At the same time, an explicit mathematical criterion or the edge of the chaos criteria for identifying relatively small subsets in local active parameter regions is given. In order to study the local active characteristics of memristors, Ying et al. [28] proposed a tristable voltage-controlled local active memristor model with three asymptotic equilibrium points and three local active regions based on Chua’s unfolding theorem. Itoh [29] proved that in some asymptotically stable nonlinear dynamical systems, oscillation in the system could be induced when the dissipation is introduced into the chaotic edge region, where the system is locally active. Hopf bifurcation would occur if the parameters of the CNN system were chosen in the chaotic edge region [30]. Matsuki and Shibata [31] studied neural network exploration learning driven by chaotic internal dynamics and proved that a chaotic reservoir network could learn without external noise. In addition, a nonlinear dynamic system, which satisfies the edge of the chaos criteria, can bifurcate from a stable equilibrium regime to a chaotic regime by periodic forcing excitation [32]. Chua [33] found that the Hodgkin–Huxley equation would produce a peak when the excitation current approached the edge of chaos, which would lead to the sub-critical Hopf bifurcation. Dong [34] proposed a nonvolatile local active memristor model based on Chua’s expansion theorem, which discussed the influence of local activity on the complexity of nonlinear systems. The dynamics of nonlinear systems can be simulated or modeled by dynamics of memristor circuits [35], which exhibit complex behavior, such as chaos and non-periodic oscillation, when an external source is applied to these memristor circuits.
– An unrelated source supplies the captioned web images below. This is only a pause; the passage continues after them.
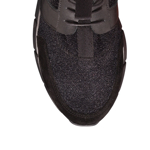 Imagine Pantofi Sport Dama 5741 Crosta Negru + Glitter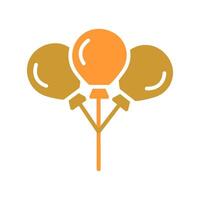 Balloons Icon Design vector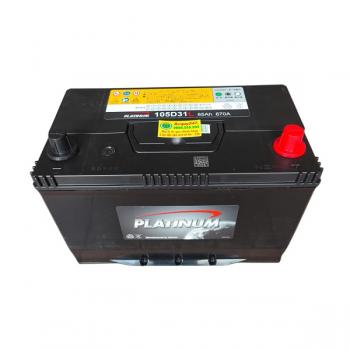 Ắc quy Platinum 85AH 105D31L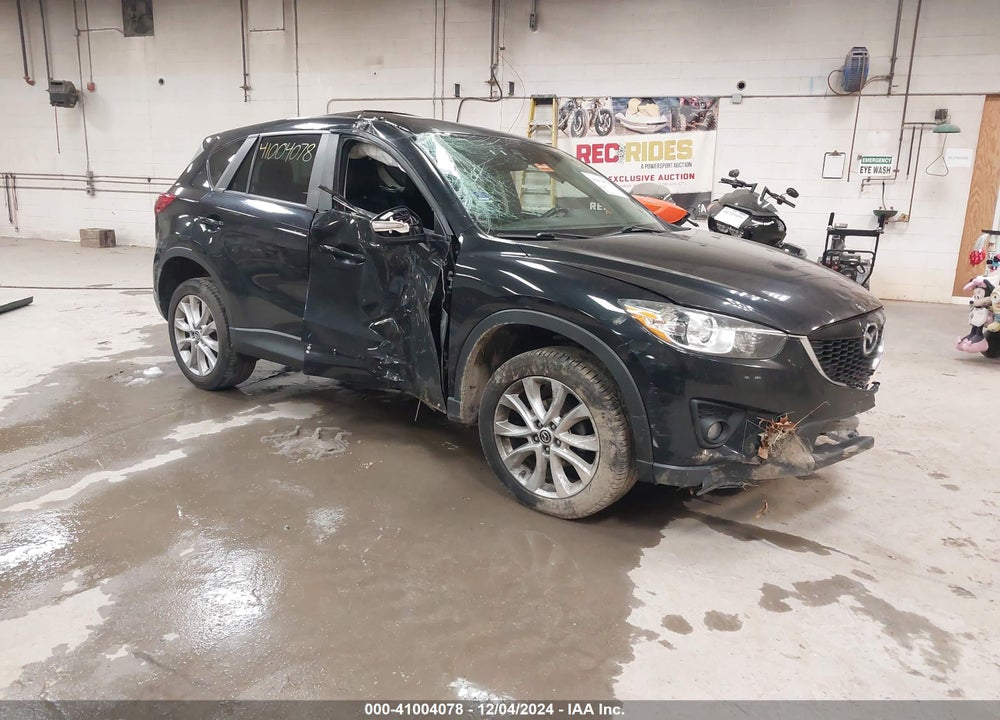 2015 MAZDA CX-5 GRAND TOURING VIN: JM3KE4DY6F0501489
It is well known that the nonlinear nonplanar motion of a cantilever beam can exhibit chaotic oscillation. However, how to choose the appropriate parameters in the process of numerical simulations has always been a puzzling problem. The local activity is the origin of the complexity. If a nonlinear dynamics system is the local passivity at all possible equilibrium points, it cannot exhibit any form of complexity. In this paper, local activity theory is used to analyze the nonlinear nonplanar motion in the cantilever beam. The local active region of the cantilever beam at the equilibrium point has been calculated. In the process of numerical simulations, it was found that chaos is more likely to occur in the cantilever beam when parameters are selected to satisfy the local activity theory. Waveform, phase diagrams and Poincare maps were used to analyze chaotic motion in the cantilever beam.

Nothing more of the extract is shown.